L'imposant hôpital Zendal de Madrid, établissement flambant neuf, a ouvert le 11 décembre, pour n'accueillir que des malades du Covid-19. Construit en seulement trois mois pour plus de 100 millions d'euros, il est une citadelle fermée avec des méthodes de soin révolutionnaires mais controversées.

Les modules de 48 lits de l'hôpital Zendal de Madrid
Les modules de 48 lits de l'hôpital Zendal de Madrid © Radio France / DR

D'un côté l'aéroport et une autoroute, de l'autre le centre d'entraînement du Real Madrid et entre les deux, un immense hangar dans un quartier périphérique de la capitale madrilène. L'hôpital Zendal est très surveillé, les visites sont interdites et les patients n'arrivent qu'en ambulance. À l'intérieur, trois pavillons de 10 000 m2 chacun, sur une plateforme unique, sans étage et avec des plafonds de 12 mètres de haut. 

Au-dessus de la tête du Docteur Pedro Landete, pneumologue et chef de l'unité de soins respiratoires intermédiaires, de larges tuyaux apparents et des cheminées d'extraction qui renouvellent l'air 14 fois par heure. "Le changement d'air permanent est important pour que le virus soit éliminé le plus rapidement possible. Nous savons que le coronavirus a une masse moléculaire très faible et qu'il reste longtemps en suspension. Avec des plafonds hauts, le virus va monter et nous minimisons ainsi le risque de contagion pour les personnes qui travaillent ici", explique le Docteur Landete.

"Avec cet établissement, c'est le modèle d'hôpital qui a changé", poursuit-il. "Au XVIIIe siècle, nous avions des établissements en forme de U, on est ensuite passé aux grandes tours et désormais nous revenons à un modèle de construction horizontal. Cet hôpital est un exemple qui nous a permis d'accueillir jusqu'à maintenant 1 800 patients."

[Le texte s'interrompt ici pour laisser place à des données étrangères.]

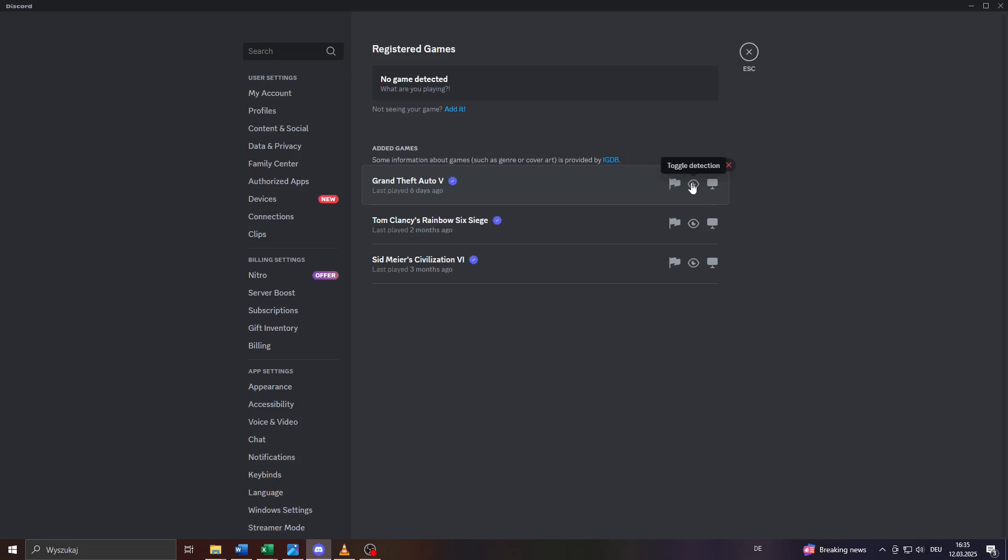So with these settings, your friends and contacts on Discord will see your gaming activity status once you launch the given game on your PC. And that's basically it! That's how I do it. Thanks for watching and have a wonderful day!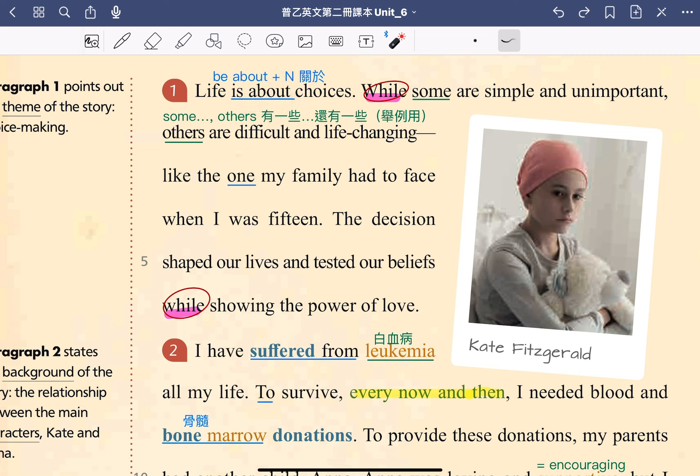Next sentence: While some are simple and unimportant, others are difficult and life-changing, like the one my family had to face when I was fifteen. 有些抉擇很簡單並且無足輕重，但是有一些非常的困難並且會改變生命，就好像我十五歲的時候家人所必須面對的那個抉擇一樣。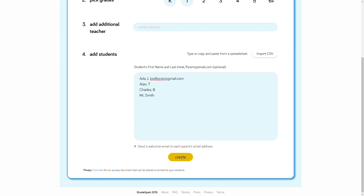Parent emails are optional, but if you add one, we'll be able to send parents a special welcome letter. Speaking of parents, please encourage them to check out Codespark Academy. Our program is free for teachers, thanks to parents who pay for home use. Please help us continue to offer Codespark for free to teachers by endorsing our program to parents.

Infirmière de l'hôpital Zendal
Infirmière de l'hôpital Zendal © Radio France / DR

De son poste de contrôle, l'infirmière surveille en permanence les patients

1 800 patients en deux mois donc, répartis par sexe dans de vastes modules de 48 lits, avec des sanitaires communs, sans cloison et donc sans intimité. Raquel Heras en est l'infirmière en chef : "De son poste de contrôle, l'infirmière surveille en permanence les patients. En un regard, elle voit tout ce qui se passe. L'état d'un patient Covid s'aggrave en une minute et vous devez alors prendre des mesures drastiques sinon il meurt. Dans un hôpital traditionnel, on ne peut pas faire comme ça. On doit se déplacer de chambre en chambre. C'est pour ça que pendant la première vague, des infirmières retrouvaient des patients morts dans leur chambre. C'est très triste."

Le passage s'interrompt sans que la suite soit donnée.